The arrival of this book yesterday has brought something wonderful to my weekend. Many of you have been subjected to my near idolatrous love of Nox, and know that anything Anne Carson is involved with is an object of book lust for me. The production value of Nox brought joy to me that such exceptional content should find a home in something so beautiful and thoughtfully assembled. New Directions has always been a favorite publisher of mine for their author list (Tennessee Williams, William Carlos Williams, Roberto Bolano and Muriel Spark being especially admired in a list where nothing is not book lust worthy), but the investment they made in producing Nox endeared them to me forever. And they extended another outrageously generous gift to readers in this Carson translation.
From the New Directions blog:
Carson has hand-lettered the text on the pages (see below), and artist Bianca Stone (a former student of Carson's) has provided color illustrations, which are being printed on translucent vellum pages. The end result being that the two will work together, the ghostly presentiment of the text-to-come enhancing the illustrations.
The translation itself is simply beautiful.
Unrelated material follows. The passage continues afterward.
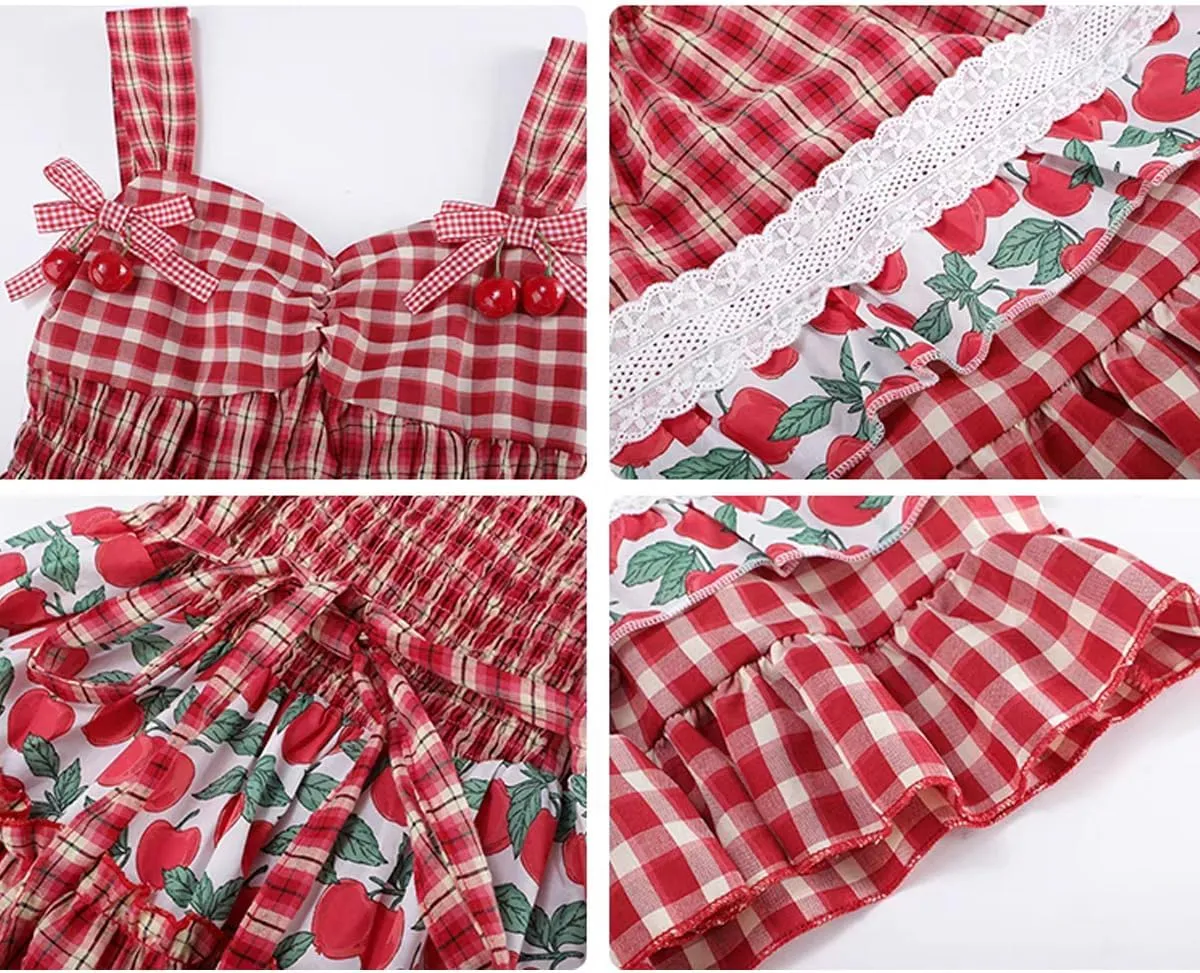 Sweet Bow Summer Lolita Dress for Teens Cute Plaid Kawaii Floral Dress Lace Ruffle Casual Sleeveless Dress Beach Sundress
She's playful with the language and the plot (the chorus has a decidedly sarcastic tone; Kreon enters on a motorboat), and yet it's still the fundamentally human story about death and honor, ethics and the law. It is, essentially what it was when it was written about 2500 years ago: a timeless classic.
The impact of the text peeping through the illustrations on vellum is best captured by the description on the ND blog as "ghosting through."
And the arrangement of thoughts in isolation on certain pages is powerful.
So I am starting to read this as soon as I click "Publish Now" here. And I am cheating. I am reading all the chorus sections first. To pick up the tone, the voice of that tool in this translation. And then a read from cover to cover.